— Наёли может показать вам то, что видела там, — Фанг кивнул на свою темноволосую спутницу, и кумицо шагнула к Ли, демонстративно держа на виду пустые руки.
— Они мастера обмана, — напомнила Таката.
— Со мной, ты легко сумеешь отличить вымысел от правды, — шепнула Фуёко на ухо тайпэну, и тот хоть и с недоверием стянул тяжелую латную перчатку, вкладывая кисть в ладони кумицо.
Когда глаза человека и демона закрылись, Хань резко вздрогнул, а кровь отхлынула от его лица. Веки Ли задрожали, и образы один за другим понеслись в безумном хороводе перед его внутренним взором.
— Что ты делаешь с ним?! — по-кошачьи шипящий голос Такаты был первым, что услышал Хань, вернувшись в реальный мир.
Длинный клинок къёкецуки подрагивал буквально в волоске от шеи Наёли, но зеленоглазая кумицо лишь ошарашено вглядывалась в лицо императорского вассала, что стоял перед ней.
— Все в порядке, честно. И пожалуйста, убери оружие, — прохрипел Ли, после чего Таката нехотя исполнила просьбу тайпэна.
— Что он такое? — также хрипло спросила Наёли, покосившись в сторону Фуёко и все еще не в силах отойти от шока.
— Не твое дело, подруга, — с наглой улыбкой собственного превосходства бросила та, вставая между Ли и сестрицей.
— Так, что вы решили, тайпэн? — напомнил Фанг о себе.
Хань медленно запрокинул голову, чувствуя, как снежинки садятся на кожу и неторопливо таят, стекая вниз по щекам. Многое из того, что он увидел, требовало более глубокого осмысления. Но первая мысль уже сформировалась сама собой, а Ли привык доверять своему первому впечатлению. Зверства сиртаков на юге Юнь пускай и могли соперничать с тем, что творили царские воины во владениях Нефритового Трона, но лишь в самых мелких и незначительных аспектах. Волна из чудовищных убийств и пожаров, кошмар для десятков тысяч изнасилованных женщин и изувеченных детей, вся боль и скорбь, что обрушилась на тайпэна за эти несколько мгновений из воспоминаний кумицо, не оставляли ему иных вариантов.

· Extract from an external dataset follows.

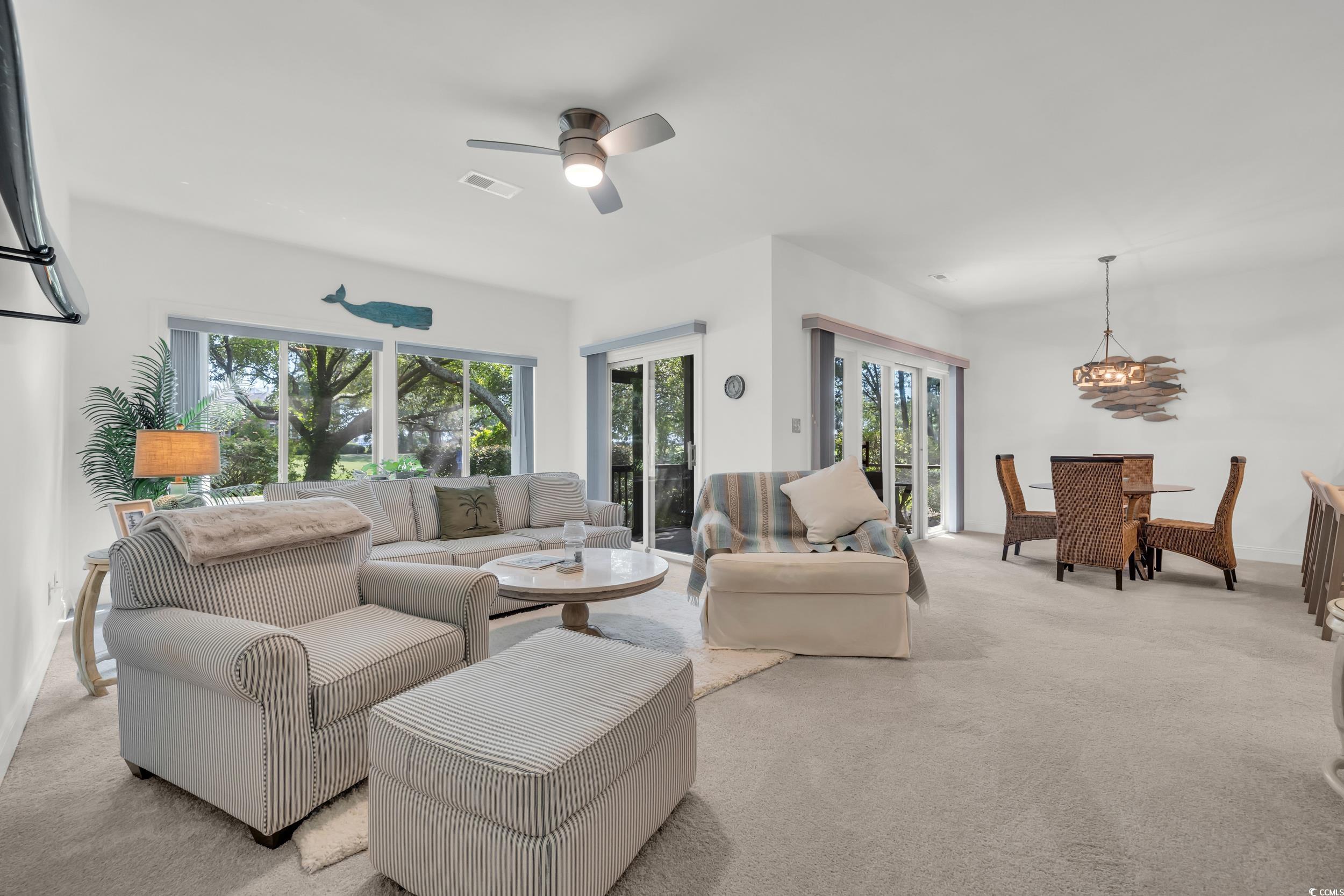 141 Twelve Oaks Drive, Unit 5 Pawleys Island, SC 29585 - Photo 15 of 37 Carpeted living area with ceiling fan and a chandelier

Он уже понимал, что Зло многолико и самым опасным может оказаться та форма, которую ты посчитаешь "малой". Однако, в отношении того, кто называл себя раджей Ранджаном, не могло бы возникнуть двояких сомнений ни у одного человека, рожденного в пределах Империи. И обстоятельством тому были не только пепелища и гниющие курганы плоти, покрывшие устье Шаанга и побережье залива Авадзи, но и, терзаемые не менее жутким вторжением горцев, земли Каратау и Гуррама.

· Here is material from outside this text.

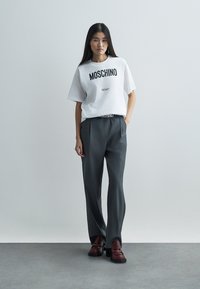 Bel beli kratkotrajni majica s črnim potiskom "Moschino Milano", združena s temno sivimi hlačami in bordo rdečimi natikači na teksturiranem tleh.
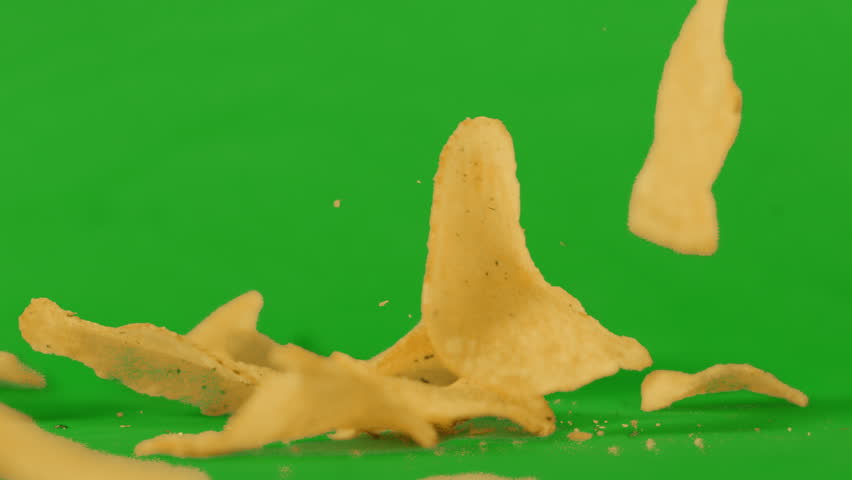 Potato Chips Crisps Falling in Slow Motion on Green Screen Background. Unhealthy Ultra Processed Food Footage Ready to Key. ProRes 4K.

— Империя приложила к этому свою руку. Значит, Империя и должна это исправить. Простые жители Юнь расплатились уже сполна за недальновидность своих вождей. А те, кто умер в джунглях Умбея, вообще не имели отношения к этому. И потому, нам следует затушить этот страшный лесной пожар... Что вам понадобится от меня, генерал?
— Десять тысяч ваших лучших солдат, тайпэн. Столько же будет с моей стороны. Мы двинемся на юг и уничтожим Ранджана. После этого, если потребуется, то проследуем и далее, чтобы покончить с армией тай-шанского князя и даксменских вождей, а заодно и со всей этой войной. Мы сокрушим их вместе, раз и навсегда. Если выступить прямо сейчас, то мы еще успеем встретить раджу под Тай-Тунгом до начала возможной осады. Проход через Цзянмэнь и земли Юнь я вам гарантирую.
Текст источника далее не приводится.